It's official! I have decided now is the time to truly start decluttering my life. Seriously! I'm not just talking about the small stuff like cleaning up this space here, although this is a great place to start. Let me try and put it all into perspective for you.
Sitting on this table is one of three umbrellas I've been carrying around in my car. This one is somewhat broken but my favorite color of the three. I think it's time to say goodbye to this green umbrella. Surely, I do not need three umbrellas do I, especially one that is broken? The library book will need to be returned, it's overdue! The candle is one of a whole cabinet full of unburned scented candles. They will be hard to part with but I am sick of all this unused and accumulated stuff. The bag below this table is full of clothes from my closet that I cleaned out a few weeks ago. It's still sitting on the floor here waiting to go out of the door.
I was so tired of seeing clutter that I eliminated some items from my fall display here in order to make it more appealing to me. It still seems a bit junky, but did you notice the magazines below? Two baskets and a bottom shelf under the table full of them! Why? How long will I live with it looking this way?
This stack of magazines in my bedroom I have had for well over 6 or 8, maybe 10 years. No kidding! I am sure I brought this from our old house. I am being brutally honest here because ladies, I am just tired of it all. I have decided it's not only time to get rid of the magazines but the magazine racks too.
Now if you think that's bad just take a look at my dresser. Yes, I have so much schtuff here it's crazy. And what do you think is in that JC Penney bag? I'll give you a hint...it goes very well with the rest of the schtuff on this dresser.
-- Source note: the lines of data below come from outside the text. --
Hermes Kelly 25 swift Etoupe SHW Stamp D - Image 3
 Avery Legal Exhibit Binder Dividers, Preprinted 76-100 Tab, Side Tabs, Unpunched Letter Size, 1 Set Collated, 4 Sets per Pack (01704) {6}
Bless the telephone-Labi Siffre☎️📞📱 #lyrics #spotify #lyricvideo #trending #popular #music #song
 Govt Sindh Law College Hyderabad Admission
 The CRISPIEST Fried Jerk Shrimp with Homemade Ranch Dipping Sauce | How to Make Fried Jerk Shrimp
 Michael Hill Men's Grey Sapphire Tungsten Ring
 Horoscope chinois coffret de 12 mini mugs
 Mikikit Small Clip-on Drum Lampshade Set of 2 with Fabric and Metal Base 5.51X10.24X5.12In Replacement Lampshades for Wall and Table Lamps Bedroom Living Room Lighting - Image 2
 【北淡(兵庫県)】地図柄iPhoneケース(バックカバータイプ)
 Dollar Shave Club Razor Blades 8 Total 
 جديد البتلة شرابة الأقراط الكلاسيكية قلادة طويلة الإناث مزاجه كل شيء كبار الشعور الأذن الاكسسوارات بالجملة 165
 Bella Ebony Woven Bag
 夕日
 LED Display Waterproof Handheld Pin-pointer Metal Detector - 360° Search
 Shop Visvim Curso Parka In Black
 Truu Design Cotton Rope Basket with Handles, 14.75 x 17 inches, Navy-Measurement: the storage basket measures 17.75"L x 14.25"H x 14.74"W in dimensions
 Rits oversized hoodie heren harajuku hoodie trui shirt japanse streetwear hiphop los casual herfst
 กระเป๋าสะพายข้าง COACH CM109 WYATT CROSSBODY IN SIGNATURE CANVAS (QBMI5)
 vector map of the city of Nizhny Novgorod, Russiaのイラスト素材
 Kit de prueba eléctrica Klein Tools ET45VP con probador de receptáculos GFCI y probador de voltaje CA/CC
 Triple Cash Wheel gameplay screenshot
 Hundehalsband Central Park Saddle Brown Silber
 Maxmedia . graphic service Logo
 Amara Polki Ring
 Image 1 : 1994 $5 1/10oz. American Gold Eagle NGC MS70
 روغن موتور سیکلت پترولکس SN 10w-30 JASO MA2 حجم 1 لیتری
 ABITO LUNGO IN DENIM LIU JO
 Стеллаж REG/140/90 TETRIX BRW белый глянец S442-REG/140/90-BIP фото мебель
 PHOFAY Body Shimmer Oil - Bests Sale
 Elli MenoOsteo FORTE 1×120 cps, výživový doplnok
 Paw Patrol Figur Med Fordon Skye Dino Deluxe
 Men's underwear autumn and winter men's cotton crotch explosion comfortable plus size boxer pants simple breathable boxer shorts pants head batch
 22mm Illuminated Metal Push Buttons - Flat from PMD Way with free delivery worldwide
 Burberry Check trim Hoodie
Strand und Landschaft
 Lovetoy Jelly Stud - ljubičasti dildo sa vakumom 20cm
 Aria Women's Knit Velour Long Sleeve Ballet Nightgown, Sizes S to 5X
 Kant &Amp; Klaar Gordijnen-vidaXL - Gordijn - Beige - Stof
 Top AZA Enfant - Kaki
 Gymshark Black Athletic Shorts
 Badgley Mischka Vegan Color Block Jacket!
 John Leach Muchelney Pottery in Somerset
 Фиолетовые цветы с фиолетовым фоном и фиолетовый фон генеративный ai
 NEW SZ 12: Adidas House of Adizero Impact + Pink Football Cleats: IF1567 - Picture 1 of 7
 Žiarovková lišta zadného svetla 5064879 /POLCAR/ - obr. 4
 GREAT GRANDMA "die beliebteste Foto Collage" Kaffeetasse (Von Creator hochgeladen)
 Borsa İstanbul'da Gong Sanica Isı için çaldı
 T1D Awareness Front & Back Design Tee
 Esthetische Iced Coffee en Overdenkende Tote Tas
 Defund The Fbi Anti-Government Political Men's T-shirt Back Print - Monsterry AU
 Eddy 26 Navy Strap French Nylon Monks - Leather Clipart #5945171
Why? What made me think I needed more jewelry just because it was on sale? I am going to have to put a habit into practice that a very dear old customer from my old store taught me. She said to always get rid of something when you bring something new into the house. Now doesn't that make great sense? I think so. Only, I am way overdo and have so much junk to get rid of.
Take this set up here above my toilet into account. These little chotzkies are cute but they really do not do anything for me as far as decor design goes. I am so over this. Why do I want something to look "kinda" cute and have no valuable use in my bathroom sitting around collecting dust? I don't. They will have to go.
Do you remember me posting about wanting to put the plates I bought on the wall in a pattern above my sofa? Well, I was thinking it may be a bit too much so I ended up moving these sconces from bedroom. I love the palm trees in here but am thinking it's a bit too cluttered looking. What do you think?
I even had already bought another new pair of sconces (like I needed a hole in the head) then decided those were too large and maybe too goth looking for my taste.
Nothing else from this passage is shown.